What is the minimum VM spec I can expect to get away with for the non-user parts of JupyterHub / Kubernetes?
I mean - let’s say I have a user-pool, with some standard usable machines on it, and a default-pool, on which I am running the always-on part of the system - such as the hub, the proxy, the image puller and the scheduler. What is the minimum spec I can expect to get away with for the machines supporting the always-on components?
For example, let’s say I have a small class - of 40 students or so - so the maximum simultaneous number of users hitting the system at the same time will be somewhere less than 40. Can I get away with always-on machine type in the range of a Google f1-micro (20% of 1 CPU, 0.6 GB memory) or g1-small (50% of 1 CPU, 1.7 GB memory)?

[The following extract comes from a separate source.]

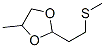 4-Methyl-2-(2-(methylthio)ethyl)-1,3-dioxolane CAS#: 59007-89-5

For the core nodes where the hub and configurable-hub-proxy run it kind of depends on your spawner (assuming KubeSpawner with z2jh) and how you’re doing auth, networking, storage, and database right? For reference, our core nodes are 8CPUx32GB RAM and we never have resource issues with those because the hub doesn’t really go above 1CPU. I’ve got 2K notebook pods in a testing environment right now and the hub CPU usage is averaging about .5 with RAM <512MB. The scale testing I’m doing  is very mechanical though, i.e. there isn’t a lot of random user creates or deletes. Each node (core, user, whatever) gets a certain standard set of vendor (IBM Cloud Kubernetes Service) and system pods though for networking, helm (tiller), logging and statsd metrics for monitoring. So our core nodes are under-utilized and the limiting factor on our user nodes is based on the CPU/RAM guarantees for the singleuser notebook pods (oh and keep in mind you have to kill bitcoin miners on your user nodes depending on how open your hub is).
For my university, I’m running a standard zero-to-jupyterhub Kubernetes setup with Globus authentication.
I guess the the question is - where am I going to notice resource limits, if I go too low on my core spec? I suppose this will be when I have multiple simulataneous log in requests, such as when a large class is starting? Do you have any maximum load estimates? Do you think it is possible that I can get away with 1 CPU / 4GB VMs for the core - from what you’ve said? And where would I look for trouble?
First off, there is a lot in this thread that is probably answered already in this other thread  in more detail by more knowledgeable people than myself.
Having said that, and speaking generally, your core node specs depend on what’s running on the core nodes (are you going to be using sqlite locally on the hub node or a remote database like postgresql?), including logging, monitoring, and other system pods, and how many resources those require. I probably wouldn’t go so bare bones on the core node as to go with a 1x4 node, but you could start there if you want, do some load testing and then scale up if you are hitting issues. For reference, here is the CPU and RAM used graphs from the core node in our testing cluster when I had pushed 3K users/pods onto it yesterday and then drained those all down last night before bed:
The big hill is the hub usage as those 3K pods were added over the course of the day and then purged starting around 9pm last night. The rest of the steady state lines are other system pods on the core node.
Similarly for memory used the big hill is the hub and after that is the user-scheduler and auto-scaler which remain fairly constant. The interesting thing about the hub memory usage is that it stayed high even after I had purged users and pods which ended around midnight last night, so it seems the hub is not clearing out some cache (I know the hub caches User objects but it should be clearing those out when the user is deleted, I need to investigate that with py-spy). Memory usage on the hub only dropped after the hub was restarted around 5:40AM when we rolled out a new user image build in this cluster.
As for load indications during a high load event, for the hub I watch CPU usage and API response rate. Here is a graph of the latter during my load testing yesterday:
Unsurprisingly response times go up as the number of pods are added to the system because those pods are all POSTing their activity back to the hub every 5 minutes (by default). The big spike on response times at the end of last night was when I was purging users/pods which has an arbitrary 10 second slow_stop_timeout (by default) so it took me about 2 hours to delete 3K pods/users. The error rate is mostly on 429 errors because of the concurrent_spawn_limit. This is expected and good design in the hub and my client side script handles it with an exponential backoff retry.
For the user node specs it probably all depends on the resource guarantees and limits you put on the notebook pods and what your users are going to be doing. For example, we noticed we were not killing bitcoin mining activity because users were complaining that their notebooks were running very slowly. When we investigated it turned out a handful of user pods were hogging all of the CPU and starving out their neighbors. If your hub will be closed then you might not need to worry about that, but it doesn’t mean you can’t think about putting limits on your user pods.